Unfortunately, he adds, that realization is coming rather late for the United States, which squandered a leading role in alternative energy some 20 years ago.
"Although we were the global leaders in every renewable energy technology in the late 1970s, we foolishly abandoned that leadership position in 1981," he says. "Today, despite our great wealth, superb scientific base and entrepreneurial culture, we are not the global leader in any renewable energy technology."
Still, he says, all across America, individual communities are responding to the challenge.
"While Buffalo does not have the rich solar resource of, say, Phoenix, it certainly has sufficient sunlight to make it an attractive option for some of its power," he says. "Buffalo's early investments in wind and ethanol represent an intelligent place to start and its much smaller solar photovoltaic installations will provide operating experience that will be helpful as prices fall and solar energy becomes attractive for a wider variety of applications, even in Buffalo."

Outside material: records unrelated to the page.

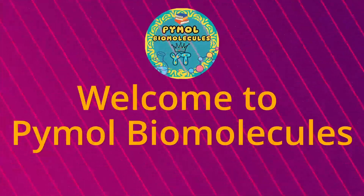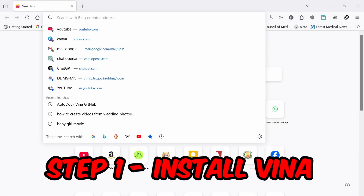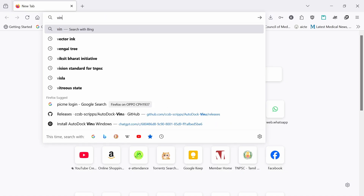Welcome to PyMol Biomolecules. In this video, we are going to see how to install Vina and do the virtual screening for multiple ligands.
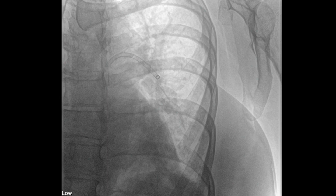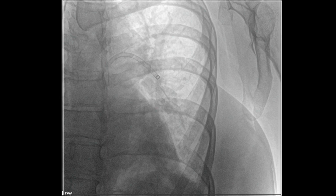We accessed the right common femoral vein under ultrasound guidance. This was done with a mini-stick needle followed by the wire and a micropuncture sheath. We then upsized to a 6-French sheath over a wire.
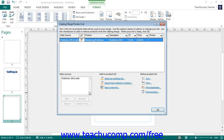Once you have the associated data source with the catalog pages, you can click the Edit List button in the Start button group on the Format tab in order to open up the Catalog Merge Product List dialog box. You can use this dialog box in the same way that you use the Mail Merge Recipients dialog box. Once you have selected the desired records to use for the Catalog Merge, click the OK button.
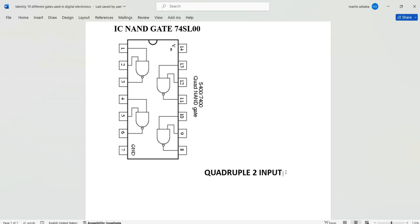We are going to use the IC NAND gate 74SL00. This is a quad NAND gate — or quadruple two-input NAND gate — in that it is formed out of four different NAND gates, and each of the four different NAND gates has got two inputs.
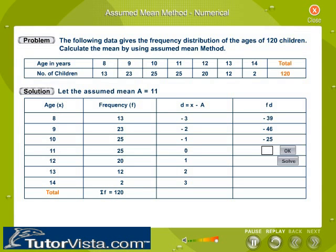Similarly, calculate for the remaining cases. Use the OK button to check the entered values or the Solved button to get the value.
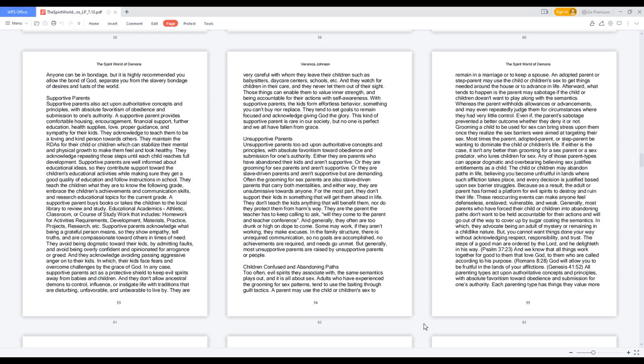A supportive parent buys books or takes children to the local library to review and study educational academics, athletics, classroom work that includes homework, development, materials, practice, projects, and research. Supportive parents acknowledge what being a grateful person means, so they show empathy, tell truths, and are compassionate toward others in times of need. They avoid being dogmatic toward their kids by admitting faults and avoid being overly confident and opinionated for arrogance or greed. They acknowledge avoiding passing aggressive anger onto their kids, so their kids face fears and overcome challenges by the grace of God.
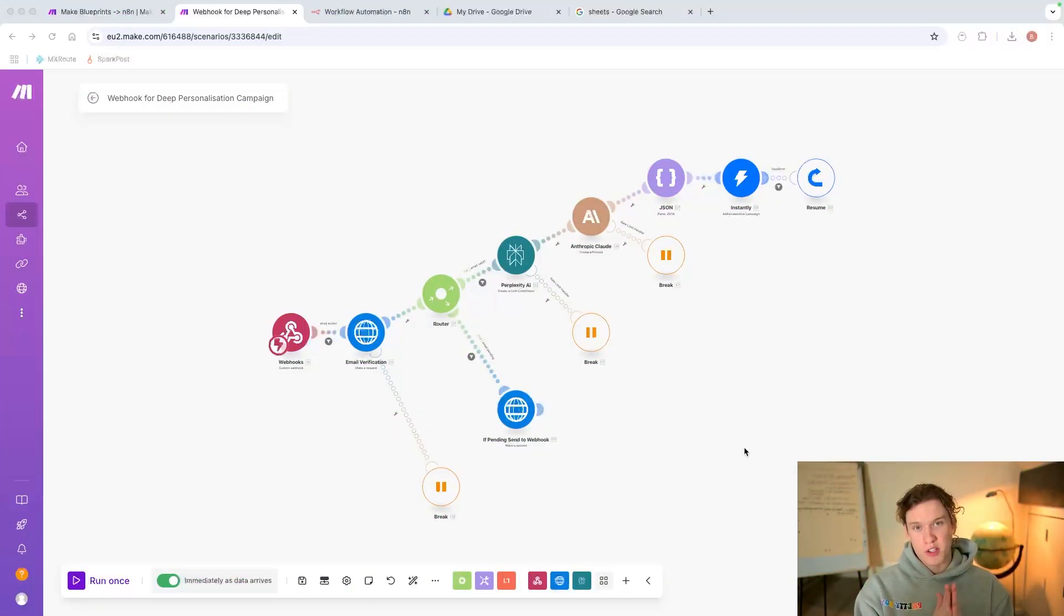Make.com and n8n - the likelihood is if you haven't swapped from Make.com to n8n, it's either because you're still learning and wanting to learn within Make.com, or you simply just can't be bothered to move your automations to n8n. So in this video I'm going to show you an automation I've made which takes your templates from Make.com and converts them into n8n workflows.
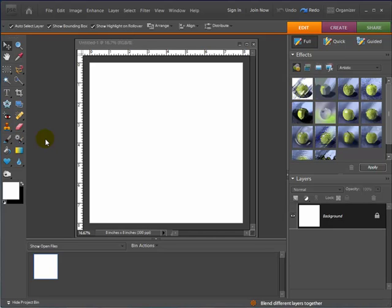Hey Scrappers, it's Mike the Scrapping Guy here with another video tutorial. In this video I'm going to show you how you can easily create a flower as an embellishment for some of your digital scrapbooking layouts.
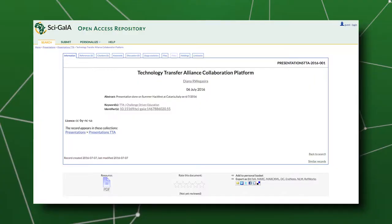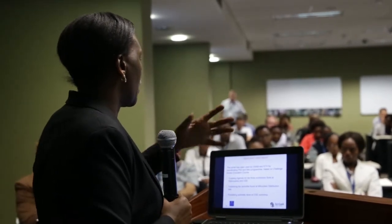SAGAIA helped me to develop my use case, which is Technology Transfer Alliance, by providing me an open access repository and also the future gateway. These are two tools which at the beginning I didn't have, but based on the SAGAIA project they gave me those tools and helped me to implement and put some links for our use case. The future gateway and the open access repository have been useful for customizing the portal based on my requirements.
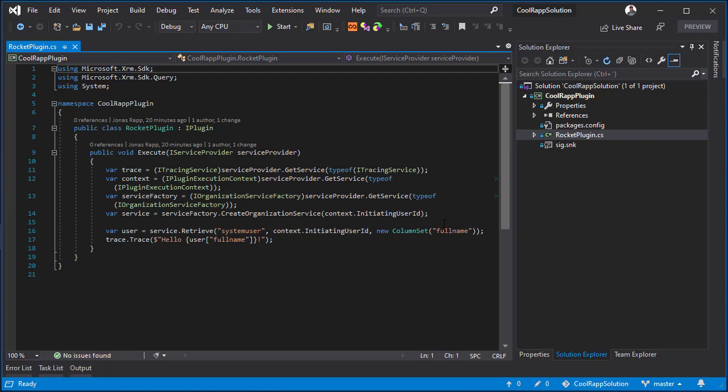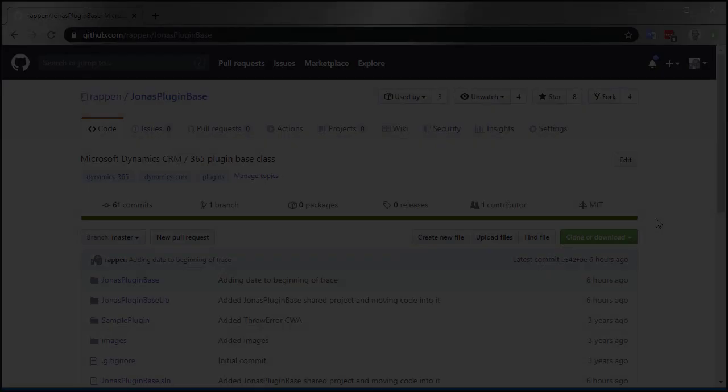The plugin I'm using in this example doesn't do much, but it initializes the Tracing Service, Context, Service Factory, and the Organization Service to retrieve the full name of the current user and write it to the trace log.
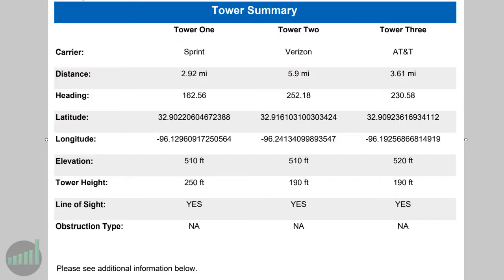The next page gives you the actual tower summary, and this one is a three-tower survey. You'll notice we've got the carriers — there are three different ones that you were able to choose — the distance from your location to the tower, the heading and latitude, longitude, elevation, the antenna height, and whether it's a line of sight or there is an obstruction. In this case, there are no obstructions; it is clear line of sight. You'll notice there is additional information below explaining a little bit more about some of the information here.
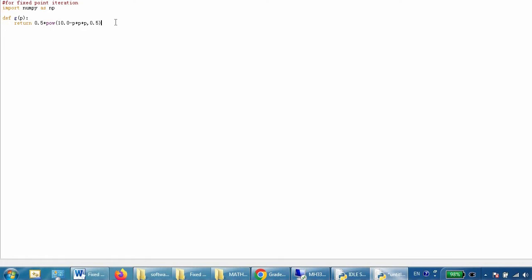Now we set up the inputs: p0 equals 1.5, tolerance equals 1.0e-6, and n0 equals 1000. Then we set up the initial condition: i equals 1, which corresponds to step one of the algorithm.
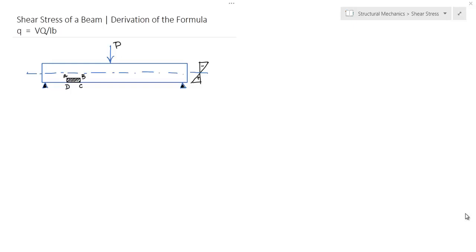Hello everybody, welcome to Being Civil. In this video lecture we will discuss the topic of shear stress of a beam. The shear stress formula of a beam is q = VQ / IB, and in this video I will derive this formula.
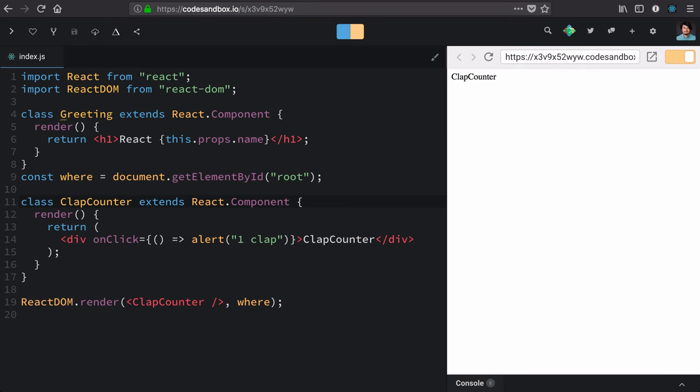Our clap component is very uninteresting if it can't actually keep the number of claps or if it's static the way that we have it here, where it's just alerting one clap when it has no interest in actually retaining claps clapped.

Hayes is the president of the Bullitt Foundation, a $100-million charitable foundation located in Seattle and dedicated to protecting the natural environment of the Pacific Northwest. He was national coordinator of the first Earth Day in 1970 and is credited with expanding Earth Day to more than 180 nations. He also directed the National Renewable Energy Laboratory during the Carter Administration.
For his environmental work, he has received the highest awards from the Sierra Club, the Humane Society of the United States, the National Wildlife Federation, the Natural Resources Defense Council and the American Solar Energy Society.